The data acquisition system with its computer hardware, software, storage, and peripheral equipment is the starting point for most detailed engineering analysis. Whether the task is a study in a laboratory or a look at a pesky anomaly in a customer installation, it all starts by acquiring data from the equipment being studied.
The typical data acquisition system has certain elements for collecting data and preparing it for computer input. Figure 1 shows the functions of a basic system.
Analog inputs of various types are conditioned so that each has a common voltage range to represent its expected measurement span. This involves gain and offset adjustment and, in many cases, filtering. When a sensor such as a Wheatstone bridge needs excitation voltage, it is supplied by the related conditioner.
Each input is sampled and held for conversion. In the typical case, sampling is sequential. However, some applications require simultaneous sampling of all channels so time relationships are not distorted. One example is the crash test of an automobile, where the user must determine what events happened at each increment of time during a few seconds of intense activity.
The analog-to-digital converter (ADC), the heart of the acquisition system, can be selected from a wide range of types, resolutions, and accuracies. Some of the readily available classes include successive approximation, flash, integration, and delta-sigma conversion.
One or more first-in, first-out (FIFO) buffers are used to hold digital words so none is lost in transfer to the system computer. The size of a FIFO depends on data collection rates and the worst-case accessibility of the computer input path.
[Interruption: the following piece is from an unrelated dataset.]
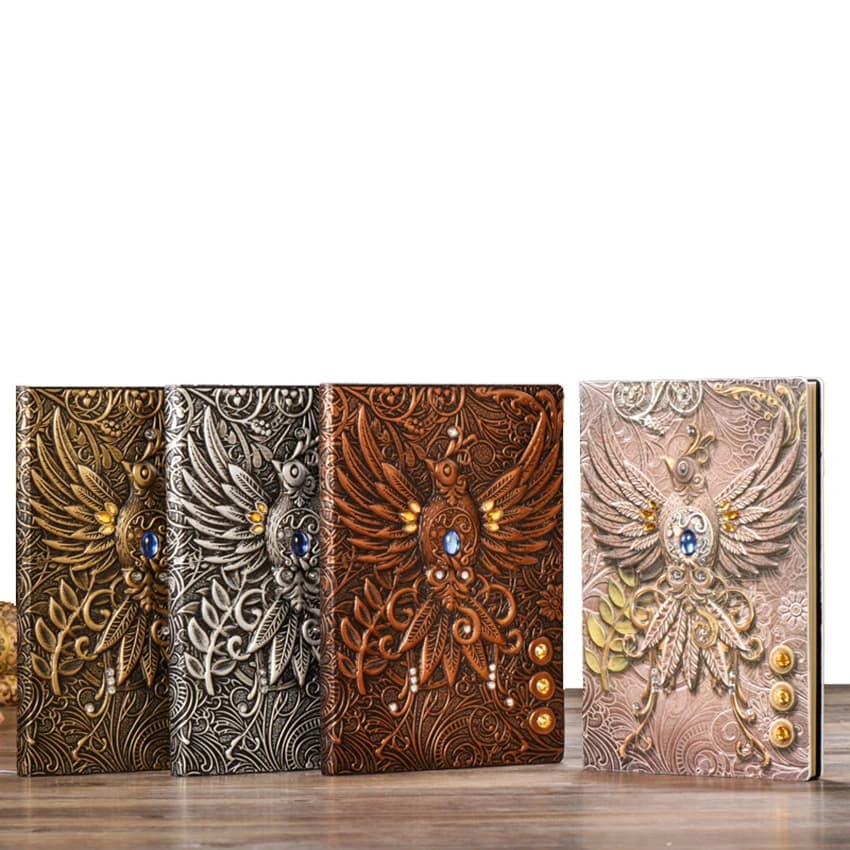 1Pc Creative Retro 3D A5 Notebook Journal Embossed Notepad Writing Notebook Leather Cover Diary Business Gift Office Supplies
All communications with the PC are via bus interface and controller circuitry. This architecture is uniquely defined for each type of bus and the onboard elements that must be serviced.
Many high-performance acquisition systems include one or more analog outputs. These take digital data from the computer to form a continuous analog waveform. A buffer is provided for each channel, so the correct timing relationship between samples can be maintained. Similarly, many systems include a multichannel digital port on which groups of bits can be set as inputs or outputs.
In many systems, a clock controls analog sampling rates and other critical timing functions. The frequency is set by the computer. Some systems have general-purpose counter/timers as well.
The Choice of Equipment
Within the broad boundaries of data acquisition architecture, there are dozens of characteristics that must be considered when selecting a data acquisition system. Start with the basics—resolution, accuracy, and speed. Then come sensitivity, dynamic range, channel counts, and specialized signal conditioning. Obviously, the selection involves a compromise among these characteristics, but there are relative priorities that must be evaluated. You can get a collection rate of 2 MS/s or a resolution of 20 bits, but you can’t have both in the same system. Just how important is each for your application?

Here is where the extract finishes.